Then I am going to rename the place "fawlty towers".  :Mad:

----------


## bones

> As feedback for those of you who contributed to this thread, the employee has been dismissed. Thanks for all your level headed posts, it helps to get advice when you can't see the wood for the trees.
> 
> However the soap opera does not end there. The brother will be issued with his notice of disciplinary action next week.
> 
> In addition the victim has been accused by the aggressor of threatening to have him fired on numerous occasions, and apparently there are several witnesses to this. So my next question is whether threatening a fellow employee that you will get them fired is something that we can discipline on. Its pretty obvious that he did indeed attempt to carry out this apparent threat as he has repeatedly pointed out to management whenever the aggressor was shirking his duties. They do not even work in the same section of the factory, nor did he ever report anyone else. Its also a chronic case of the pot calling the kettle black.
> 
> In any event, I do need to address it and was wondering what you guys thought the severity of such a case should be and what would he even be accused of having done?
> 
> Then I am going to rename the place "fawlty towers".

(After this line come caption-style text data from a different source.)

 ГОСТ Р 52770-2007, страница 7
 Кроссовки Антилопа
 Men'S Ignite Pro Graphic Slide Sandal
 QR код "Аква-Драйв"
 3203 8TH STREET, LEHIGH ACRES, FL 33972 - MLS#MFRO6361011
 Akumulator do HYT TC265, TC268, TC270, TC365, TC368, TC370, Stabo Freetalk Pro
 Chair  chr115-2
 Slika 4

in my days working at a plant the rules 
where simple if you get into a physical 
fight both parties are dismissed it didnt 
matter if the one didnt fight back both
where dismissed i cannot tell you how 
they handled it at the CCMA but as  
you say both are guilty so get rid of 
them both but speak to a professional

if someone tells someone else they will 
get them fired then that is grounds for 
a dismissal and it is grounds for 
aggravation both parties are guilty so 
let them walk if you can

----------


## Jacob Zuma

YES!!!!

----------


## Greig Whitton

> if someone tells someone else they will get them fired then that is grounds for a dismissal


No, it almost certainly isn't, unless:

(a) This is not the first time that the employee has threatened to get someone else dismissed;

(b) Graduated disciplinary measures were applied for previous incidents (e.g. final written warning);

(c) The employee was afforded a reasonable opportunity to correct their behaviour (e.g. interpersonal training); and

(d) The exact same disciplinary process has been consistently applied for other employees engaging in the same or similar behaviour.

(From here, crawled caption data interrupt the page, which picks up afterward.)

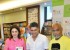 The Eat Right Prescription Book Launch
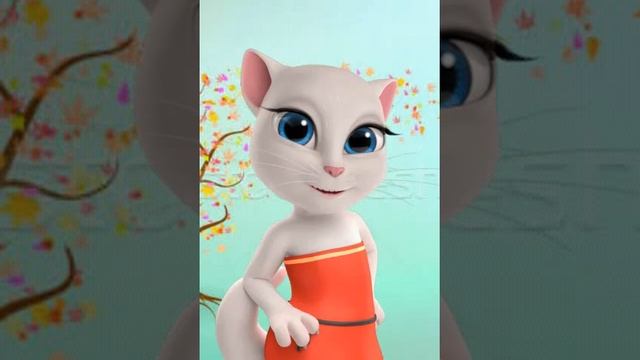 Tom ve Arkadaşlarından Ateş Böceğim Misin Çocuk Şarkısı смотреть онлайн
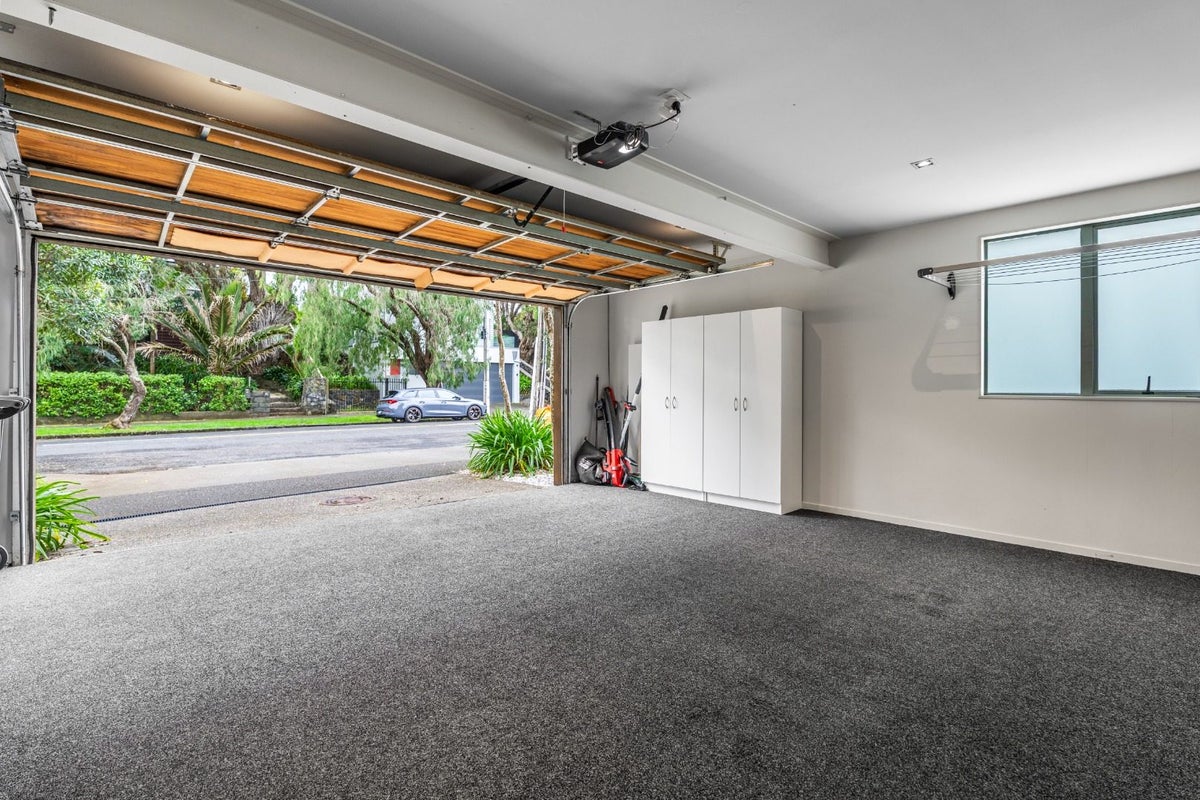 1/32 Peary Road, Mount Eden, Auckland - Carousel 20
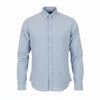 Shirt Ams Blauw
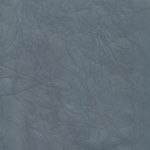 Папка-конверт на ZIP-молнии travel 180 мкм волокно, 10 шт, серый ЕС21123015T, Expert Complete ЕС21123015T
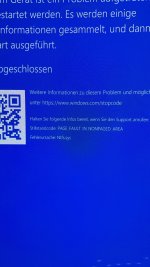 IMG_1404.jpeg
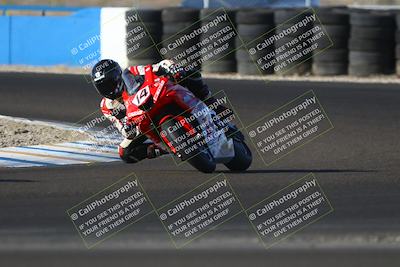 media/Oct-11-2025-CRA (Sat) [[48ae399f89]]/Races/Race 9/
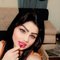 Bibo Vip⚜️ - puta in Beirut Photo 4 of 5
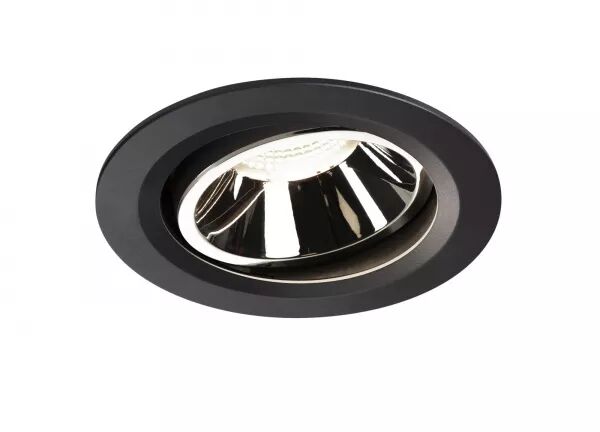 NUMINOS� MOVE L, encastr� downlight, (1003681)
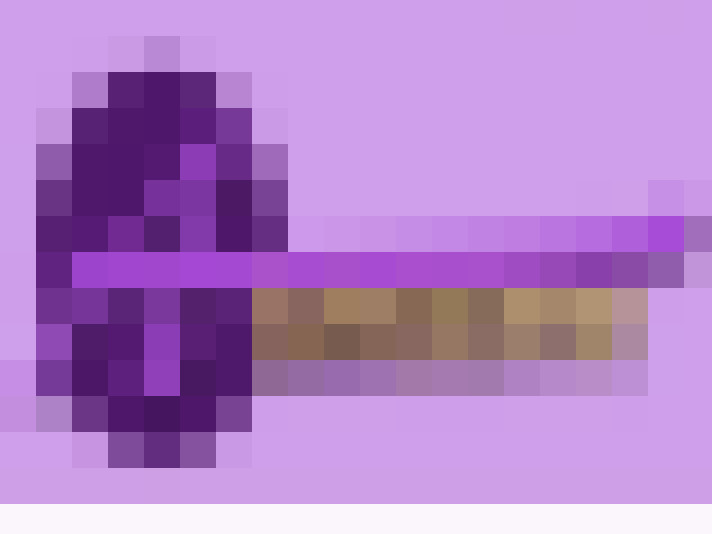  / #9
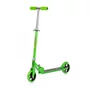 Kép 1/5 - Chipolino Sharky roller - green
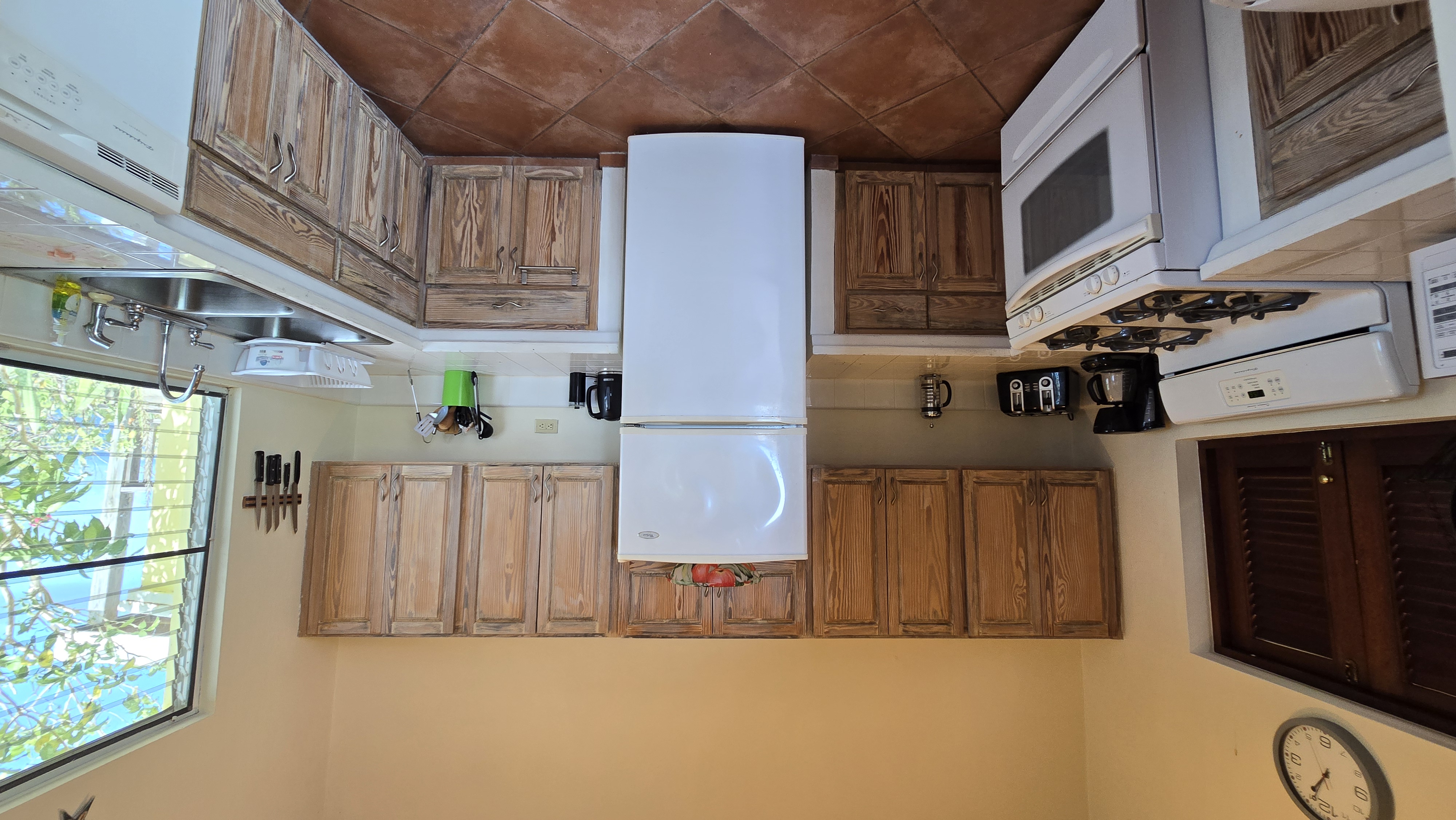 Great Camanoe, VG, 4 Bedrooms Bedrooms, ,4 BathroomsBathrooms,Residential,For Sale,1713107
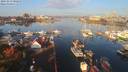 ./images/victoria/wharf/20191013/wharf20191013_092958.jpg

With a few extreme exceptions (e.g. threatening to murder someone), you can't fire someone on the spot for _saying_ that they are going to do something when they haven't actually done anything.

----------


## bones

> No, it almost certainly isn't, unless:
> 
> (a) This is not the first time that the employee has threatened to get someone else dismissed;
> 
> (b) Graduated disciplinary measures were applied for previous incidents (e.g. final written warning);
> 
> (c) The employee was afforded a reasonable opportunity to correct their behaviour (e.g. interpersonal training); and
> 
> (d) The exact same disciplinary process has been consistently applied for other employees engaging in the same or similar behaviour.
> ...


ok i can point you to a steel 
plant it is closed last time i 
saw it on the news there 
policy was if 2 employees 
fight both get fired that is 
it 

the part where he told the 
guy he will get him fired is 
not ethical but that is not 
the point i know for a fact 
that when i worked at that 
steel plant long time ago if 
you fight both goes and 
that remained policy till it 
closed down this year

----------


## Greig Whitton

> the part where he told the guy he will get him fired is not ethical but that is not the point


Actually, this is exactly the point because just one post earlier you stated this:




> if someone tells someone else they will get them fired then that is grounds for a dismissal


Getting into a fight and saying that you are going to get someone fired are two completely different things.

Scenario 1: Employee A says that he is going to get Employee B fired. Employee B responds by initiating a fight.

Scenario 2: Employee A says that he is going to get Employee B fired. Employee B responds by lodging a complaint with management.

In Scenario 1, you might dismiss both employees. But if you did dismiss Employee A, it would likely be for what he did (i.e. fighting with another employee), not for what he said.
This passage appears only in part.